* _WHAT YOU HAVE TO DO_
Wherever pictures occur in the entries below, leave them out and retype the rest exactly.

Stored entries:
────────
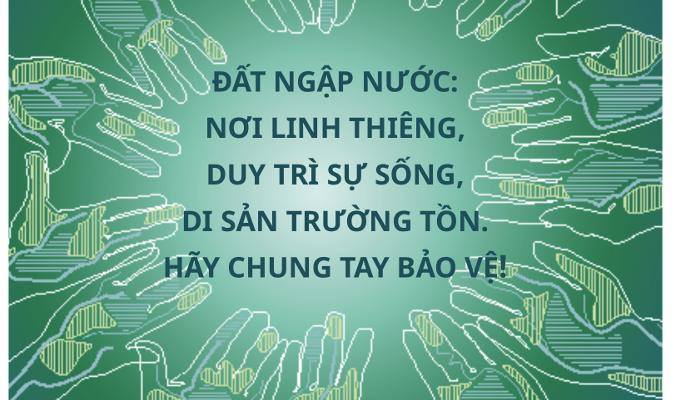 HƯỞNG ỨNG NGÀY ĐẤT NGẬP NƯỚC THẾ GIỚI NĂM 2026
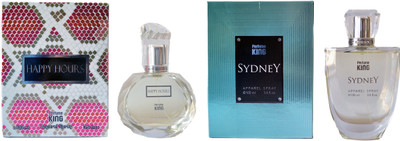Perfume King Happy Hours and Sydney Combo Perfume Eau de Parfum - 200 ml(For Men & Women)
Perfume King Happy Hours and Sydney Combo Perfume Eau de Parfum - 200 ml(For Men & Women)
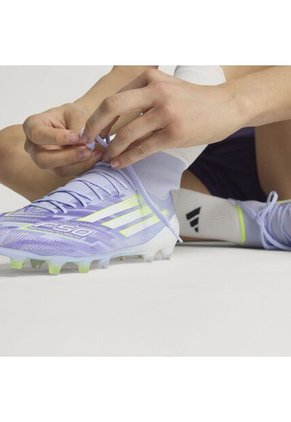 Adidas Performance Guayos Adidas Mujer F50 Sparkfusion Elite Mid Terreno Firme/Pasto Artificial - Lila Guayos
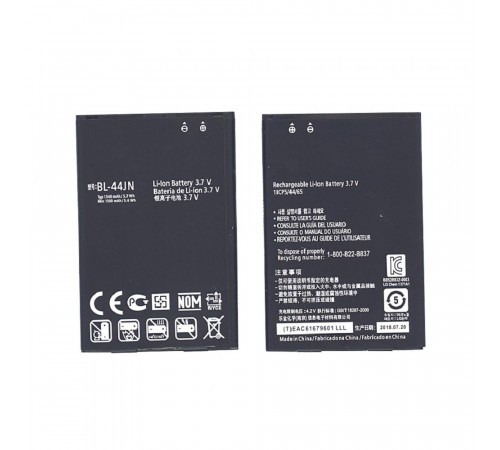 Аккумуляторная батарея BL-44JN для LG Optimus Black, P970 1500mAh 3,7V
────────
* _WRITTEN REPLY_
 HƯỞNG ỨNG NGÀY ĐẤT NGẬP NƯỚC THẾ GIỚI NĂM 2026
Perfume King Happy Hours and Sydney Combo Perfume Eau de Parfum - 200 ml(For Men & Women)
Perfume King Happy Hours and Sydney Combo Perfume Eau de Parfum - 200 ml(For Men & Women)
 Adidas Performance Guayos Adidas Mujer F50 Sparkfusion Elite Mid Terreno Firme/Pasto Artificial - Lila Guayos
 Аккумуляторная батарея BL-44JN для LG Optimus Black, P970 1500mAh 3,7V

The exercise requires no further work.